Рассказал я главврачу все как было без утайки, взмолился:
— Отпустите меня домой, Борис Олегович, ради бога! Ну какой я сумасшедший?
— Голый по детскому саду бегал? — Борис Олегович спрашивает.
— Бегал, — подтверждаю.
— С топором?
— С топором.
— «Ура!» кричал?
— Кричал.
— Вот видишь, — Борис Олегович грустно произносит, — придется тебе у нас побыть. Отдохнуть и общий тонус организма своего повысить. Если не будешь за мной по отделению бегать, через месячишко домой уйдешь. Вот, познакомься, твой лечащий врач Ирина Анатольевна. Пребывать будешь на общем отделении, народ там спокойный.

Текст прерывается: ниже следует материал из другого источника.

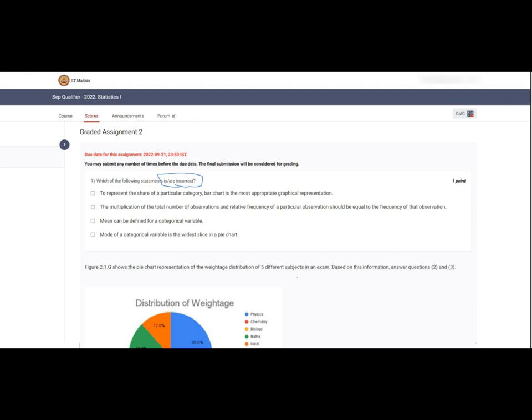Question 1: Which of the following statements is or are incorrect? The first option says that to represent the share of a particular category, a bar chart is the most appropriate graphical representation. However, bar chart is not the most appropriate here — it uses rectangular bars. For the most appropriate graphical representation, we can use a Pareto chart.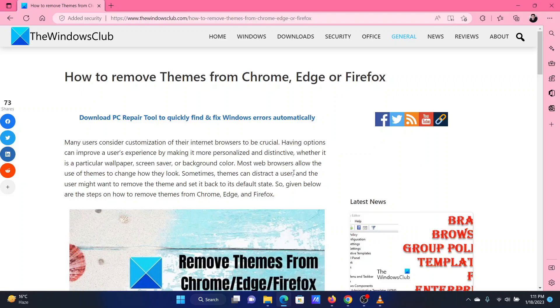This is Vicki David from the Windows Club. A lot of users might not like themes that have been set on their browsers.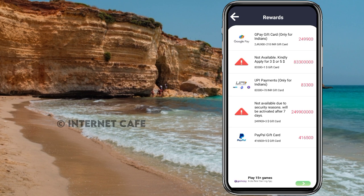You can get it instantly or in two days. You can transfer via your UPI ID. You can get the payment in two days or use the next method. You can get a PayPal gift card. You can get it for $5. You are now able to withdraw $20.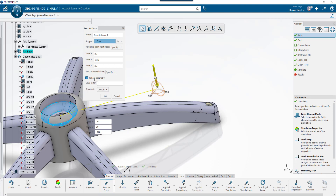The option Follow Geometry would allow this force direction to update with the deflection of the applied faces if selected. If deselected, a vertical force will stay a vertical force through the entire transient study.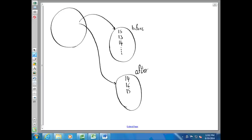The problem we have now is that these two samples are not independent — they involve the same group of people. So the techniques for analyzing the difference between two independent samples don't work in this case. However, we can think about this question in a different way.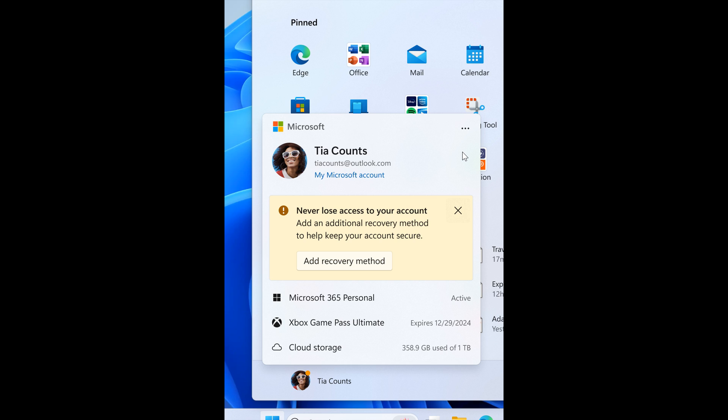what we're looking at here is the new account manager on the start menu that shows the account settings and an action needed to secure your Microsoft account. That's just an example.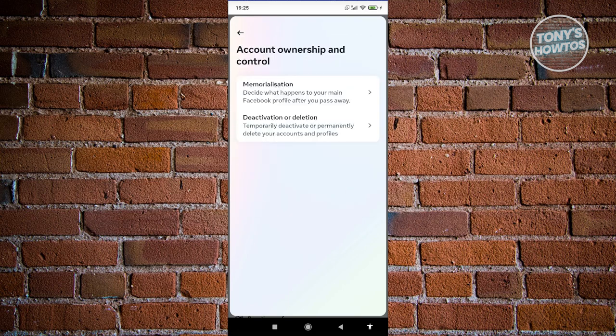Now from here, go ahead and click on 'Deactivation or Deletion'.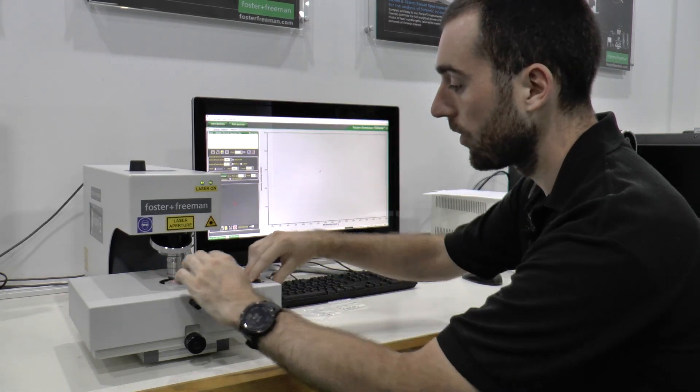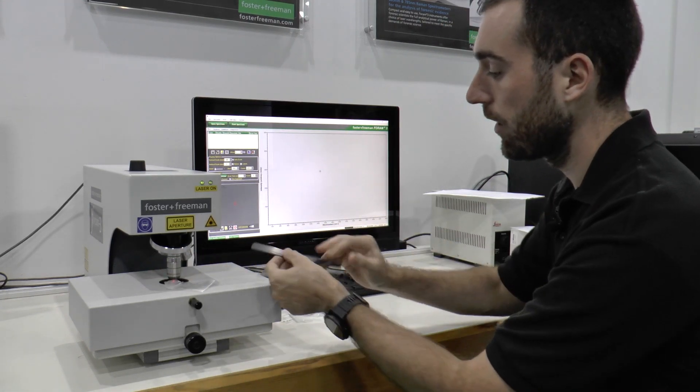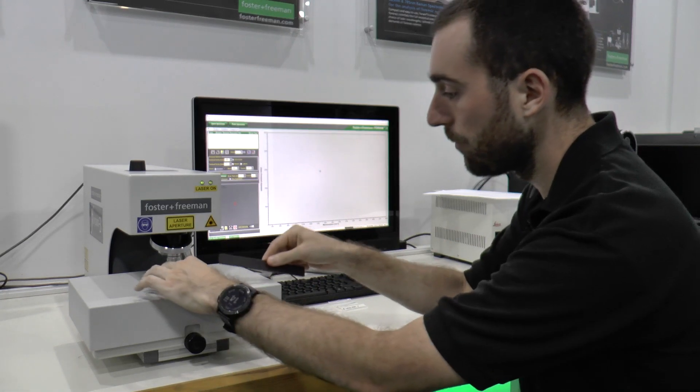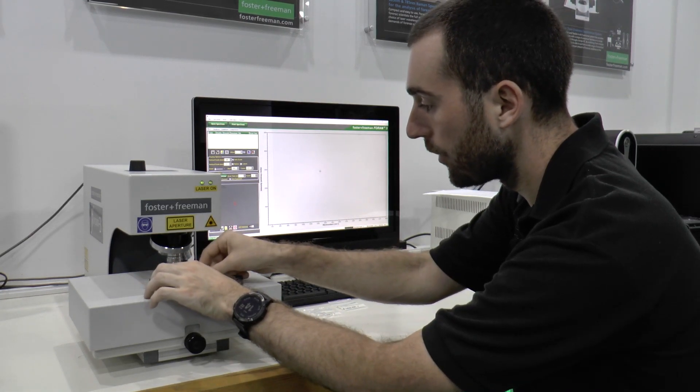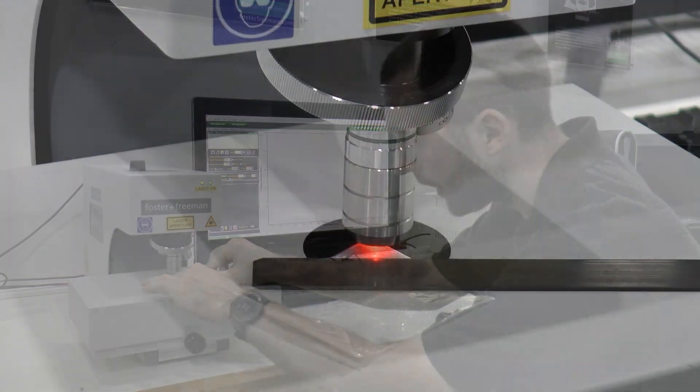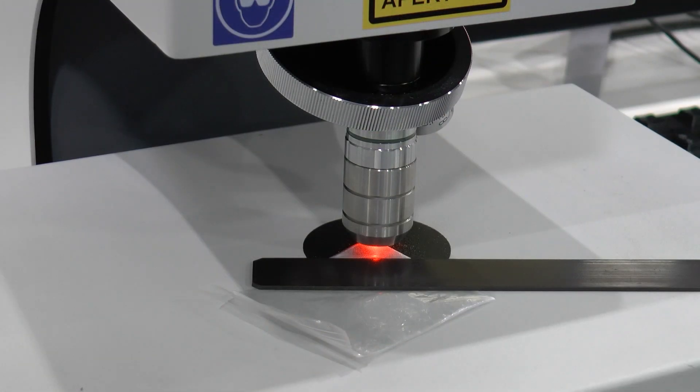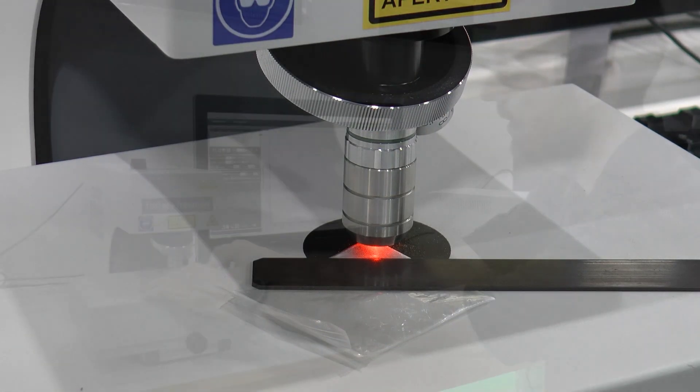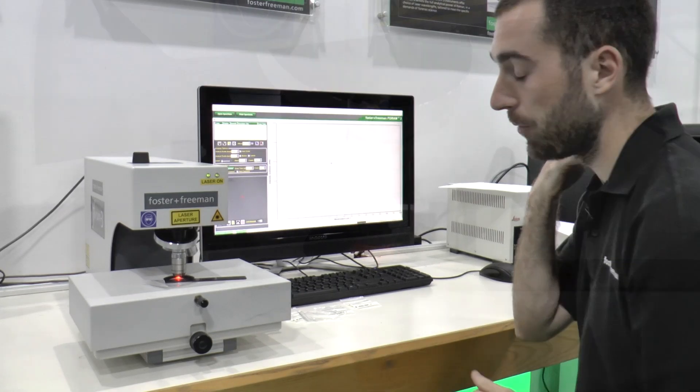I'll place this on the stage itself and we can use these magnetic strips just to hold our sample down and then place this into position beneath the objective.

Потом мы с Ириной Анатольевной в кабинете одни остались, и все, что я Борису Олеговичу рассказывал, вновь пришлось повторить. Ирина Анатольевна мой рассказ подробнейше в тетрадь записывала. На личике ее мраморно-белом и тени улыбки не промелькнуло, одна сплошная серьезность была. И курила Ирина Анатольевна. Ну прямо как печник Григорий, смолила сигарету за сигаретой.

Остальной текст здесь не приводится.